Psychological Research Methods and Analysis - Statistical Power and Limitations of t-tests

Statistical power is the likelihood that a test will detect an effect if there is a true effect in the population.
When an effect is real (H1 is true), the aim is to detect it in the study instead of committing a Type II error.

Statistical Power: The probability of detecting a real effect in a study.
$β$ = p(Type II error): Probability of failing to reject H0 when H1 is true.
Statistical power = $1 – β$ : the probability that the test correctly rejects the null hypothesis H0 when the research hypothesis H1 is true.
Even when a real effect exists, a study might not yield a significant result, leading to a Type II error.
Example simulation: population effect of d = 1, simulation of 500 studies with N = 9, 430 results significant at alpha-level of 5%. 86% correctly inferred the effect, 14% Type II errors.

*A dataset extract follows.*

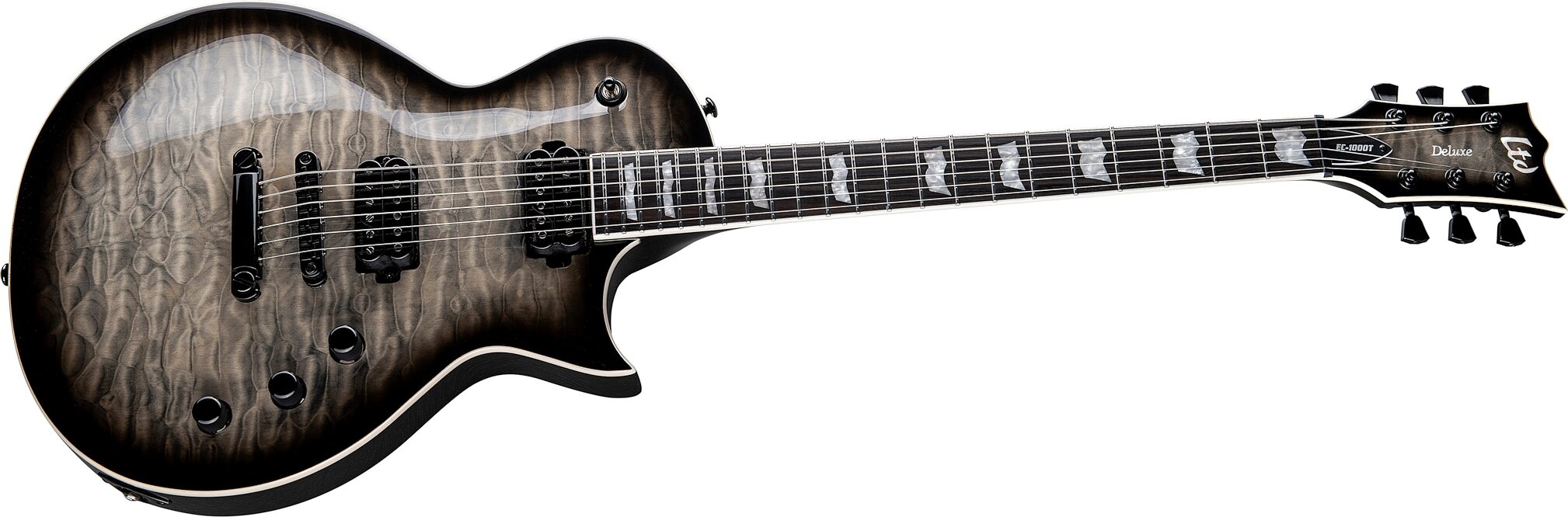 ESP LTD EC-1000T Quilted Maple Electric Guitar - Charcoal Burst Zoso Music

A more powerful treatment effect increases statistical power
As effect size increases, statistical power increases.
Cohen’s d = $\frac{M1 - M2}{SD}$ : Measures the magnitude of the difference between means.
Larger effect sizes make it easier to detect significant results, thus increasing statistical power.
Ways to increase effect size in an experiment:
- Use a strong manipulation (increases the difference in means).
- Reduce within-group variability (decreases SD).
  - Use a homogenous sample (limiting the population).
  - Standardize procedures and cautious measurement.
Large variability within groups (e.g., community sample): d = 1.
Identical means but less variability (e.g., student sample): d = 1.4.

Homogenous sample:
- Limiting the population (e.g., one particular subgroup or people who share similar characteristics).
- Reduces within-group variability.
- Therefore increasing d.
- Increases power of experiments.
Heterogeneous sample:
- Capturing widest range of perspectives possible – maximum variation sampling.
- Reduces d in experiments.
- Increases power in correlations – increases the observed correlation (remember r is an effect size!).
Within-subjects studies tend to have higher power than between-subjects studies because they reduce within-group variability.

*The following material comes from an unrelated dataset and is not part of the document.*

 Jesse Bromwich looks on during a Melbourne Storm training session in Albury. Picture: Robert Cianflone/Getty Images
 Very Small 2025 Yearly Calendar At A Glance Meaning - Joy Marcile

Statistical power increases as $\alpha$ increases.
Increasing the alpha level increases the power of a study (e.g., from 0.05 to 0.10), making it more likely to find a true effect.
However, this increases the risk of a Type I error.
Lowering the significance level (e.g., from 0.05 to 0.01) decreases the likelihood of making a Type I error.
However, this reduces statistical power, and makes it more likely to commit a Type II error.
With a lower alpha level, the critical value for rejecting the null hypothesis becomes more stringent, requiring stronger evidence to reject it.

Statistical power increases as sample size N increases.
Larger samples provide more information about the population, reducing the influence of random variability.
Small sample sizes lead to low power, increasing the likelihood of failing to detect true effects (Type II error).
A power analysis is needed to determine the minimum sample size required to detect a specified effect size with a desired level of confidence (usually set at 0.8/80%).

To plan studies: Determine the necessary N for sufficient power, given the estimated effect size.
To interpret non-significant results: A non-significant effect with small N means power is low, thus likely to miss even a medium-sized effect.

Power increases as $\alpha$ increases.
Power increases as N increases.
Power increases as effect size increases.
A non-significant result is meaningless when power is low.
A conclusion that there is no effect in the population is only sensible when power is high in a study.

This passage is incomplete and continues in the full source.